:: About this task ::
Reproduce the entire listing exactly. Leave the pictures out.

:: Source material ::
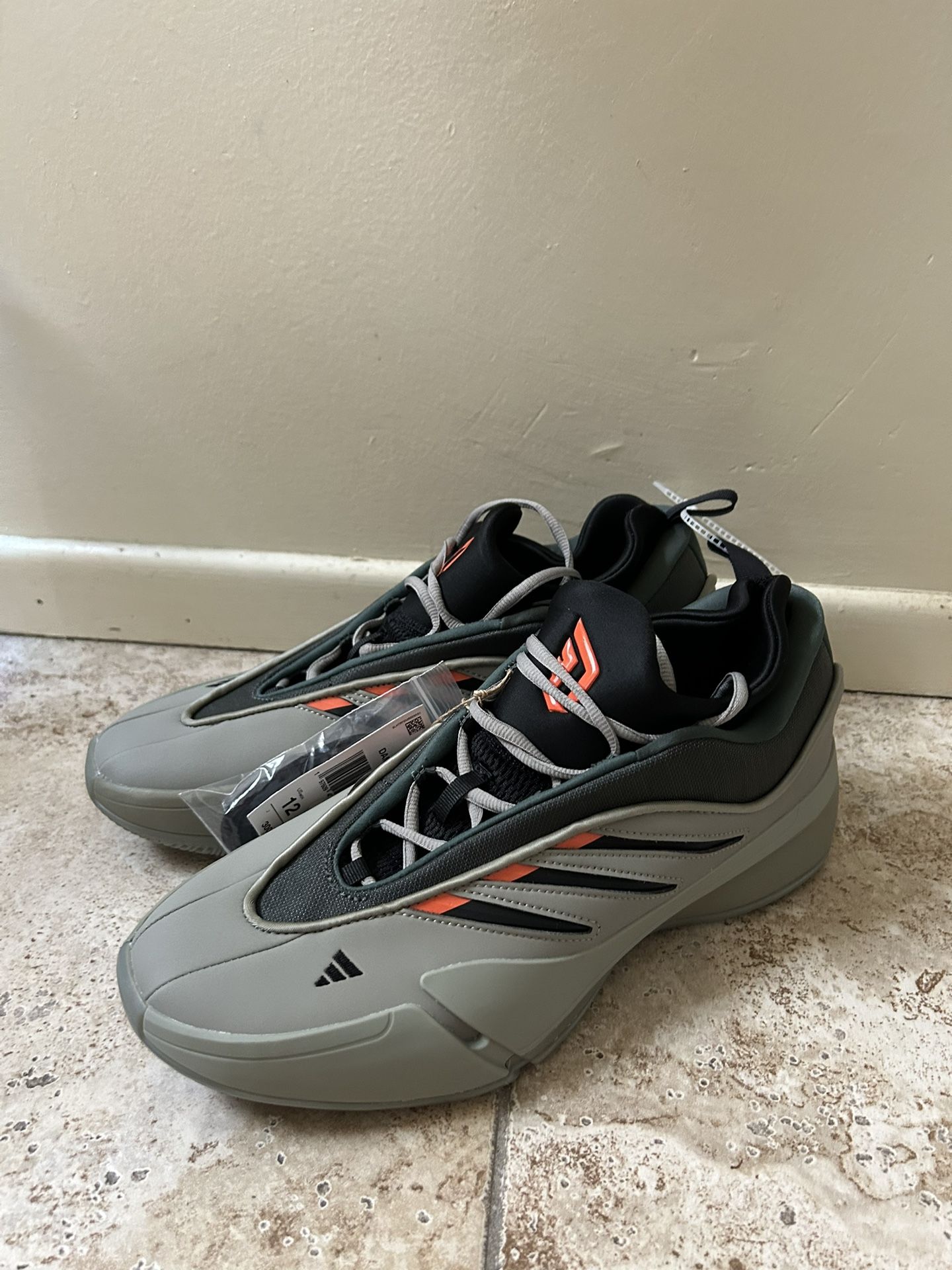 Adidas Dame 9 Basketball Shoes Mens 12 Silver Pebble JI1939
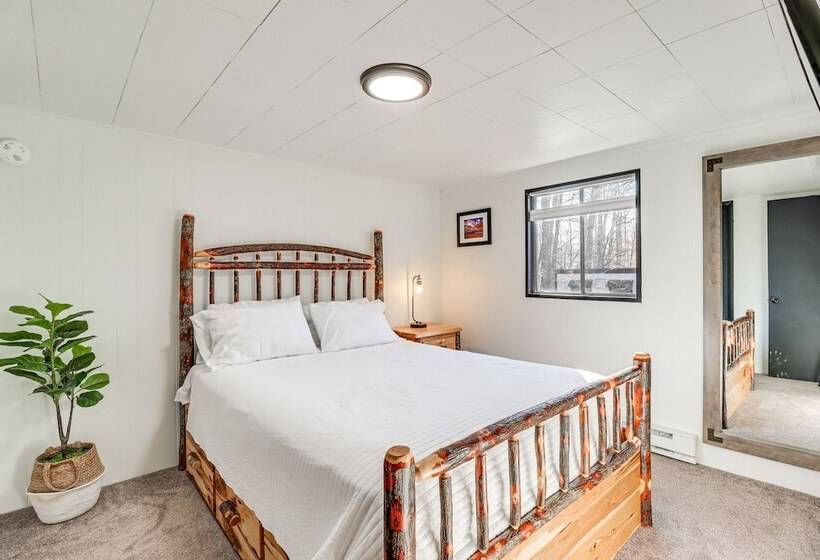 Pocono Lake Retreat W/ Fire Pits & Air Hockey!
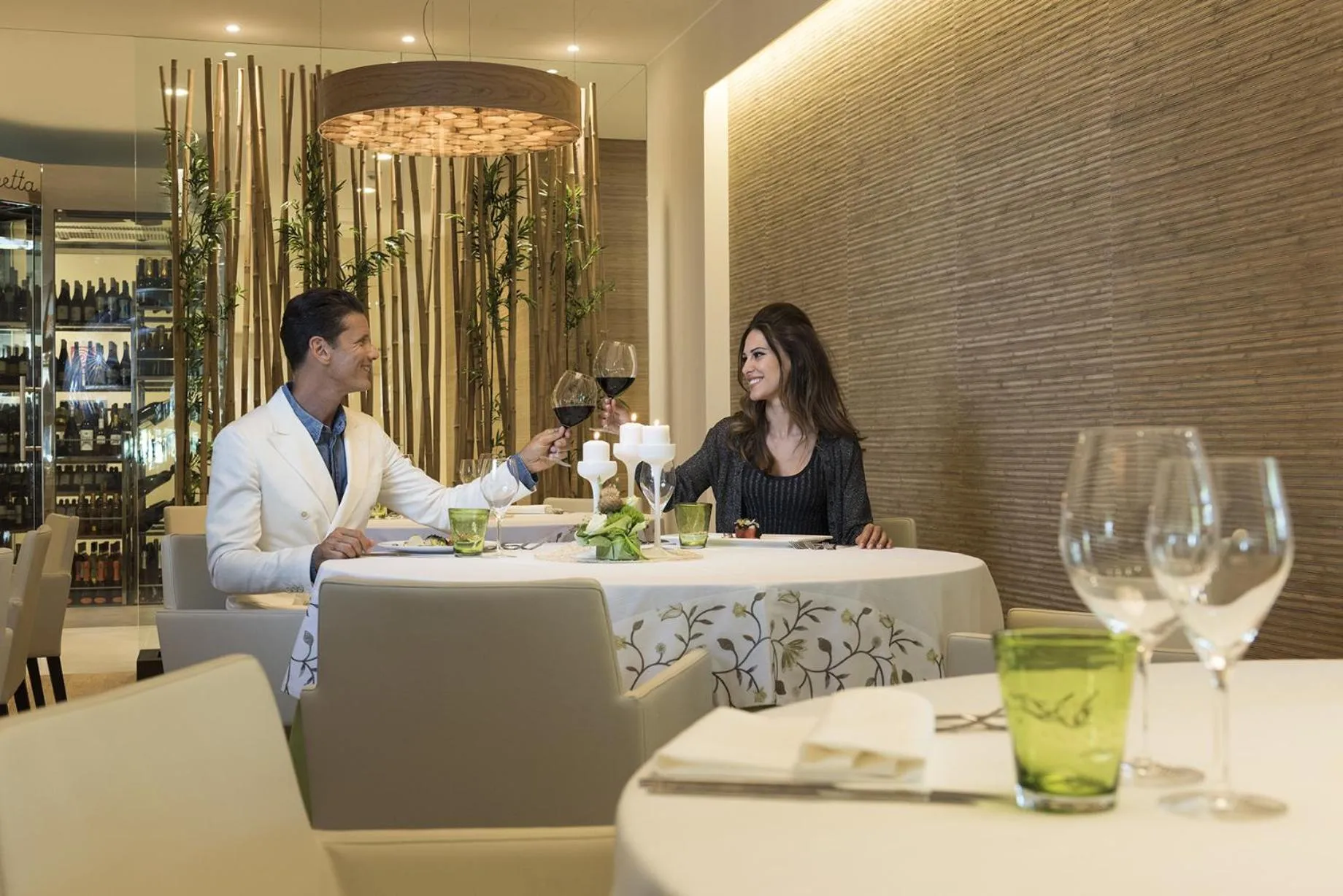 Restaurant/places to eat in Laguna Park Hotel 4Superior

:: Exercise response ::
 Adidas Dame 9 Basketball Shoes Mens 12 Silver Pebble JI1939
 Pocono Lake Retreat W/ Fire Pits & Air Hockey!
 Restaurant/places to eat in Laguna Park Hotel 4Superior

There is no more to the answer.